Segment Open
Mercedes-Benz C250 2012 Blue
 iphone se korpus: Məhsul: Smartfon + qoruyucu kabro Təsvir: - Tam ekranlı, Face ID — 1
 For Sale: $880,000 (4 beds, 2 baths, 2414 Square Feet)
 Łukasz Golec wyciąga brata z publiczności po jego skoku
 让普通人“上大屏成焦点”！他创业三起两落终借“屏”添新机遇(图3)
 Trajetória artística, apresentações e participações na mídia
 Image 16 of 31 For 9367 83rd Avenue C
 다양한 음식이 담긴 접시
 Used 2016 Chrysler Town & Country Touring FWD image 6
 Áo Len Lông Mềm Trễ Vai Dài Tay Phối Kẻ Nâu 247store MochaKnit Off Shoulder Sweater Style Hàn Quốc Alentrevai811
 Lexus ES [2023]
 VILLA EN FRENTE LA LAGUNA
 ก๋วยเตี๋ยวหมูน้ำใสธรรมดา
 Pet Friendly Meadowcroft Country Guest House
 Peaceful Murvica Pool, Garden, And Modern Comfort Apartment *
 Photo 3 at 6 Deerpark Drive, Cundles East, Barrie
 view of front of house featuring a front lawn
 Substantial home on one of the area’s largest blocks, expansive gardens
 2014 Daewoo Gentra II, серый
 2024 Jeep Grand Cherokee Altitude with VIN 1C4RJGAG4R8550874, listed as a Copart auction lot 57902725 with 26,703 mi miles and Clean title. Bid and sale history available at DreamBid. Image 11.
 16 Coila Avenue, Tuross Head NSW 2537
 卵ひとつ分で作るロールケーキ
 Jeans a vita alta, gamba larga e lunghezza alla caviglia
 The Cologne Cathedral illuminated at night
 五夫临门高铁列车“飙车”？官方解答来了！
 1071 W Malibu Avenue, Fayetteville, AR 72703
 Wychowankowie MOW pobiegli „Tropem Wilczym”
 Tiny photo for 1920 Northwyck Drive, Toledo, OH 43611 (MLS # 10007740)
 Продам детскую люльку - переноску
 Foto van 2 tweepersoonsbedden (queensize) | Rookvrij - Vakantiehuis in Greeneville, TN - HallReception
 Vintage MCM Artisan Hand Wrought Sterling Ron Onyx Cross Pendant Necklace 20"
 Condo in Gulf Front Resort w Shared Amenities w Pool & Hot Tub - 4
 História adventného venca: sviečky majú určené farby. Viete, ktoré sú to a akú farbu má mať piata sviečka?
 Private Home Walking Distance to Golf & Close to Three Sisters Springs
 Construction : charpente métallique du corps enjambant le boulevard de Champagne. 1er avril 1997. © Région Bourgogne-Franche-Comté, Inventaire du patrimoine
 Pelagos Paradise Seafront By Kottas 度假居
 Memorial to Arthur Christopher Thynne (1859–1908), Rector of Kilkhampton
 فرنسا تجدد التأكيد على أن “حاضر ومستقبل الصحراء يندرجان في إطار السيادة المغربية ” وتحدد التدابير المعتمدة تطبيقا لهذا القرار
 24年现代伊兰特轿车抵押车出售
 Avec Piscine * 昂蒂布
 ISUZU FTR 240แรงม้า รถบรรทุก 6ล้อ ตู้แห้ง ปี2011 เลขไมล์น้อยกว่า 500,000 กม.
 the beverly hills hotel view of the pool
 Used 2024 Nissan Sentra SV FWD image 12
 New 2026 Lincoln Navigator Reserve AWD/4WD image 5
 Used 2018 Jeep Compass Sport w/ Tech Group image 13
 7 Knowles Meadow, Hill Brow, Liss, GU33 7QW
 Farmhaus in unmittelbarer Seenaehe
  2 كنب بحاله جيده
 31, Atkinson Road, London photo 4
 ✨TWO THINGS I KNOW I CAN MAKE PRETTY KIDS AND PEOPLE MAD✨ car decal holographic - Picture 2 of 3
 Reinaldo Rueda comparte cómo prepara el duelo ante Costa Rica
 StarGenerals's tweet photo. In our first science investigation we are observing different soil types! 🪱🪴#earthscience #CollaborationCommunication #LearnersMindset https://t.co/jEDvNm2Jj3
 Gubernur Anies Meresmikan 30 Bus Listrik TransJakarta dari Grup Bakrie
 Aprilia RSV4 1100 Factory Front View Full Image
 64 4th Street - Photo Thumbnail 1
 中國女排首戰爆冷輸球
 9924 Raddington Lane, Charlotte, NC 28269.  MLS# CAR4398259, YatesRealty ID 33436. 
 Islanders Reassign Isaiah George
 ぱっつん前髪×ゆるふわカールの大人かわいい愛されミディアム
Segment Closed
Exercise brief :: Using the entries above, determine how many lines include the string "Drive" and write only that number.

Exercise result :: 2